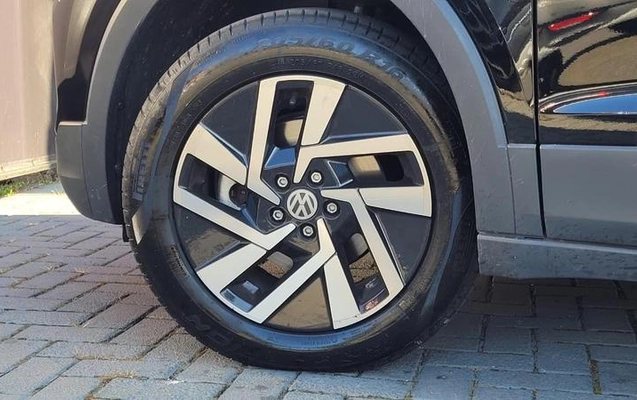 imagem-https://www.socarrao.com.br/sc-vehicle-images-prod/3523982/1788292552579-8423432_1_B_738fc850f5.jpeg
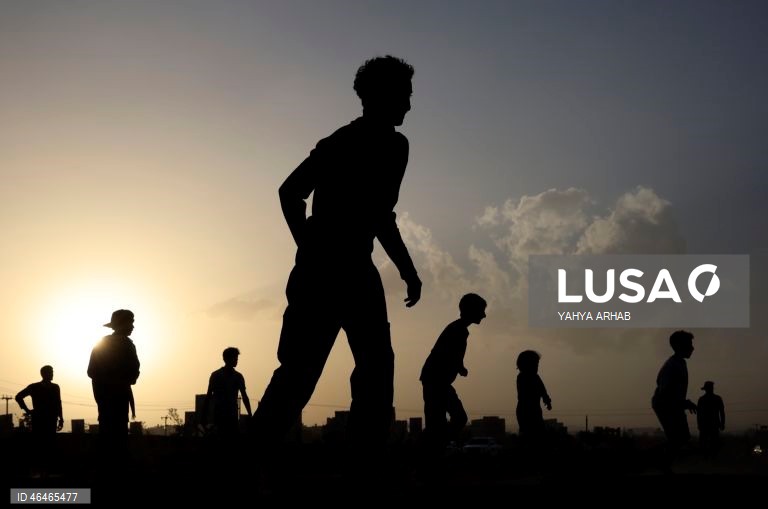 Iémen: Jovens jogam futebol em Sana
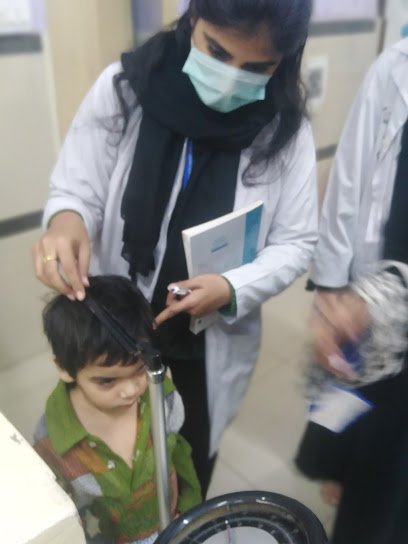 Dr Maham Tariq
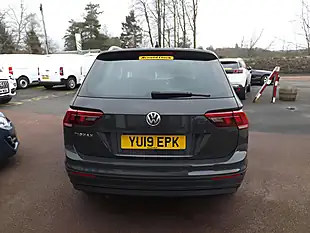 Used 2019 Volkswagen Tiguan Match Grey - Interior and Exterior details 5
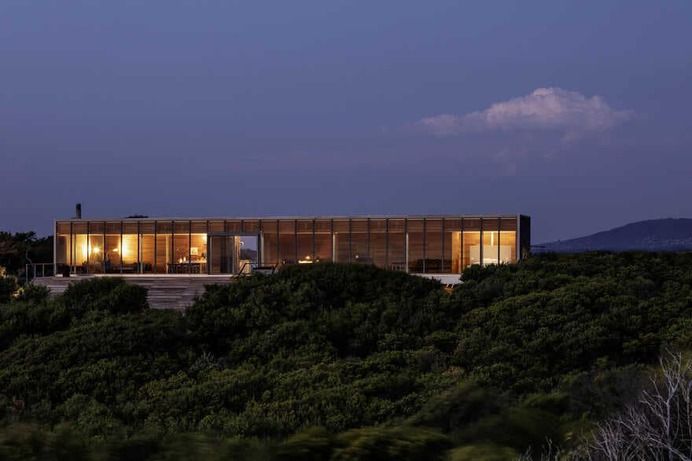 St. Andrews Beach Villa / Woods Bagot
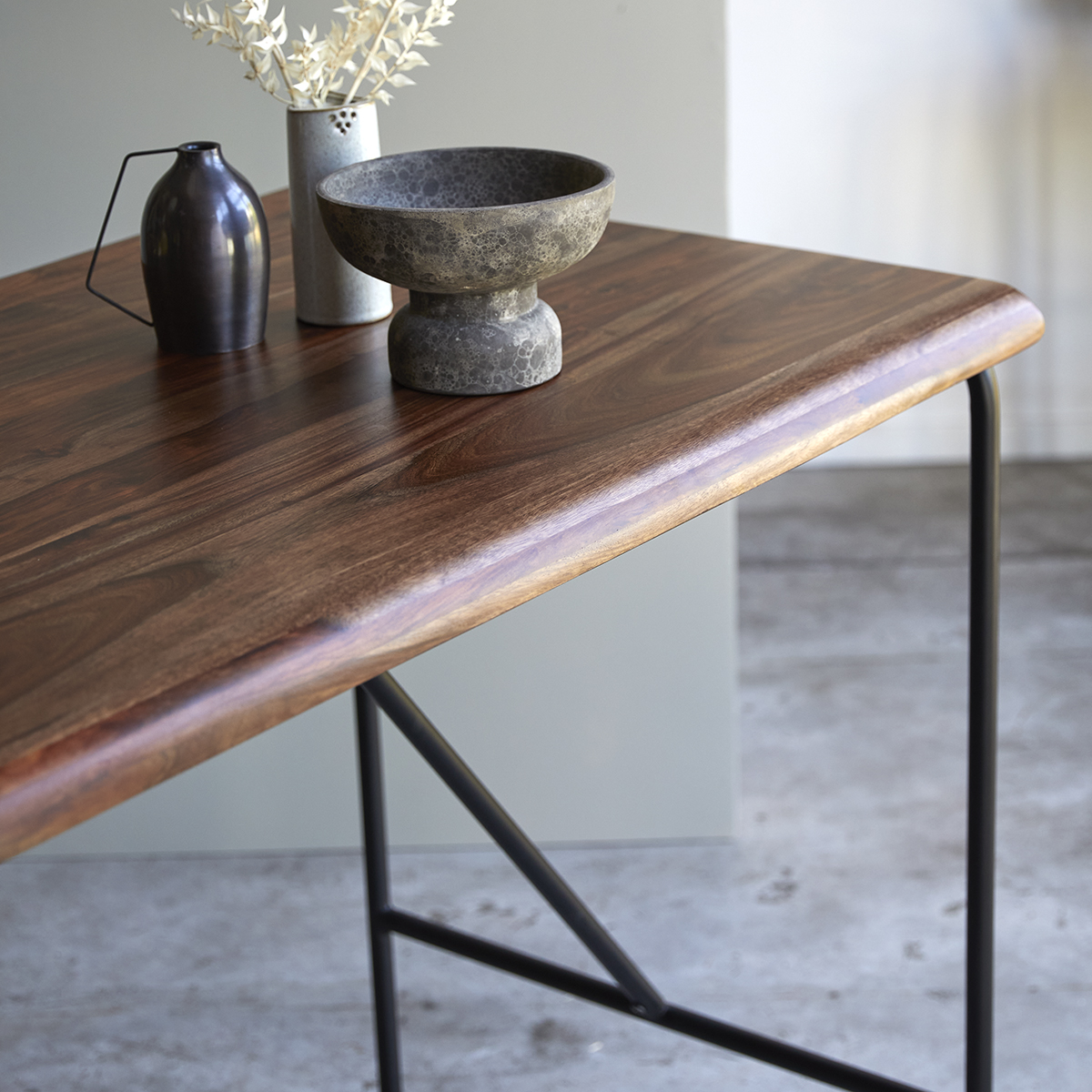 Talia Metal and solid sheesham Bar Table 140x85 Talia Metal and solid sheesham Bar Table 140x85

···

TASK TO CARRY OUT »
Return nothing but the lines running from the start of the data to the line with "St. Andrews Beach Villa / Woods Bagot", please, both ends included and no pictures.

EXERCISE SOLUTION »
 imagem-https://www.socarrao.com.br/sc-vehicle-images-prod/3523982/1788292552579-8423432_1_B_738fc850f5.jpeg
 Iémen: Jovens jogam futebol em Sana
 Dr Maham Tariq
 Used 2019 Volkswagen Tiguan Match Grey - Interior and Exterior details 5
 St. Andrews Beach Villa / Woods Bagot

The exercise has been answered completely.